Dataset extract ->

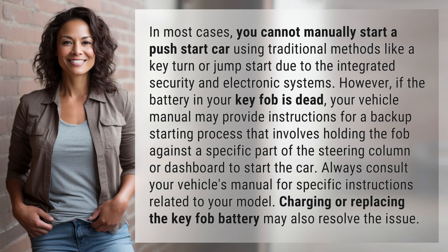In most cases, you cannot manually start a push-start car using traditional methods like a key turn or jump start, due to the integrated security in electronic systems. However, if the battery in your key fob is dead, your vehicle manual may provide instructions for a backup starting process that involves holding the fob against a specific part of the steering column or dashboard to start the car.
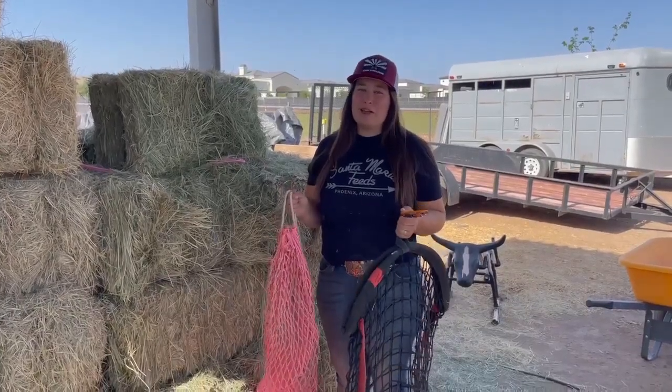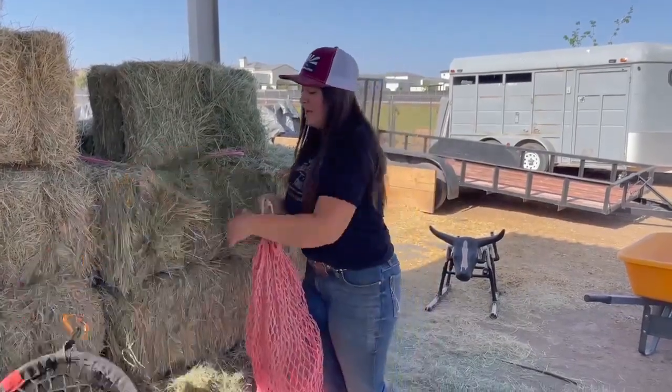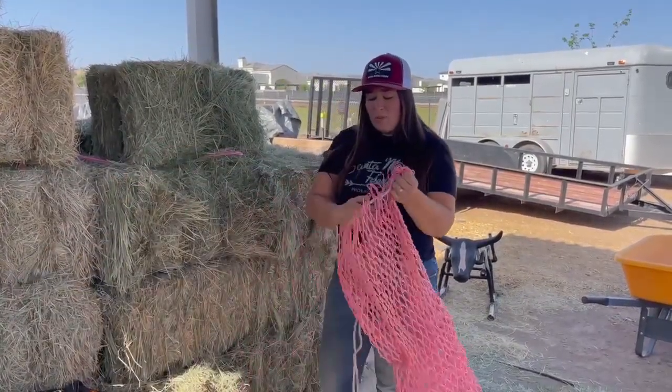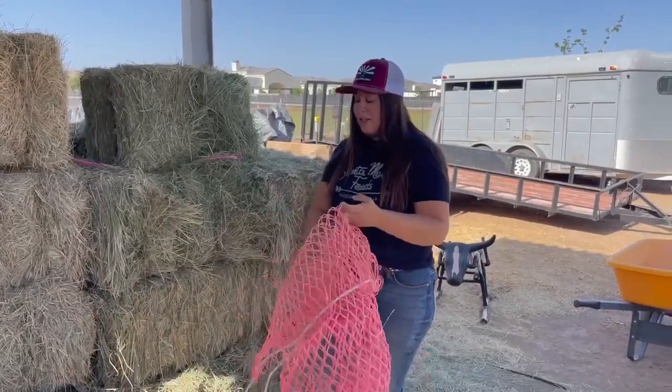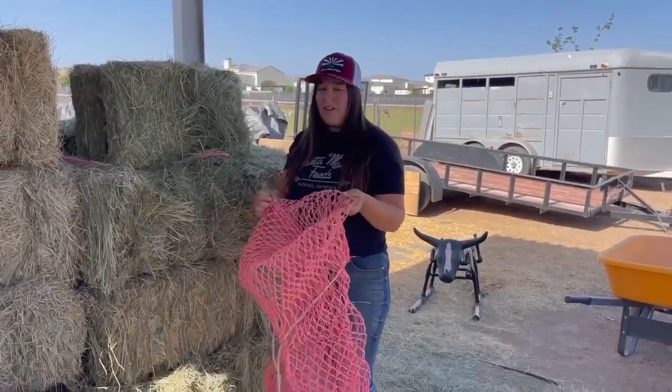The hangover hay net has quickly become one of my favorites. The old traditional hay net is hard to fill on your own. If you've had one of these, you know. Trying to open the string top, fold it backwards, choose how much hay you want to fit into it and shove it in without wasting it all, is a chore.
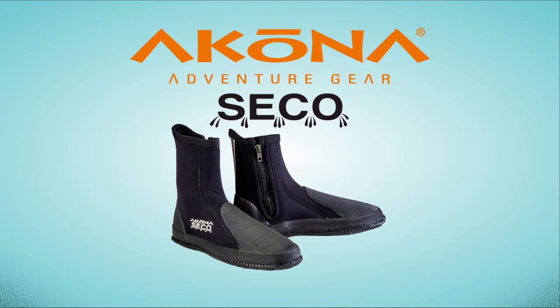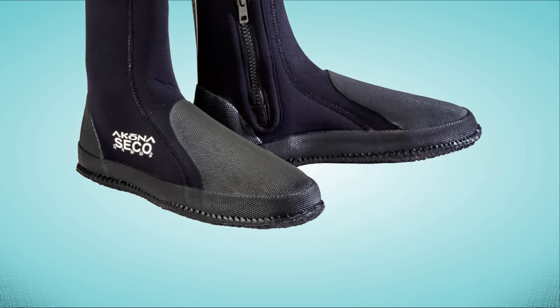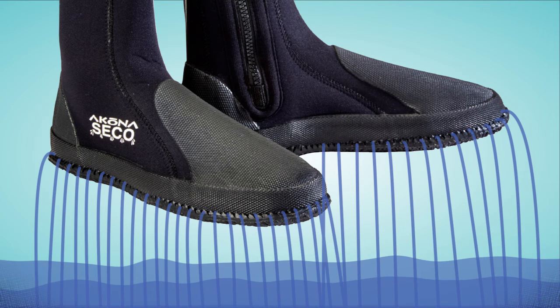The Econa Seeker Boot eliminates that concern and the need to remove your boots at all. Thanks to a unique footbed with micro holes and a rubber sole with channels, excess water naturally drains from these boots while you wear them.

What is required -> Leave out the images and repeat the rest of the data word for word.

Solution for this task ->
In most cases, you cannot manually start a push-start car using traditional methods like a key turn or jump start, due to the integrated security in electronic systems. However, if the battery in your key fob is dead, your vehicle manual may provide instructions for a backup starting process that involves holding the fob against a specific part of the steering column or dashboard to start the car.
The hangover hay net has quickly become one of my favorites. The old traditional hay net is hard to fill on your own. If you've had one of these, you know. Trying to open the string top, fold it backwards, choose how much hay you want to fit into it and shove it in without wasting it all, is a chore.
The Econa Seeker Boot eliminates that concern and the need to remove your boots at all. Thanks to a unique footbed with micro holes and a rubber sole with channels, excess water naturally drains from these boots while you wear them.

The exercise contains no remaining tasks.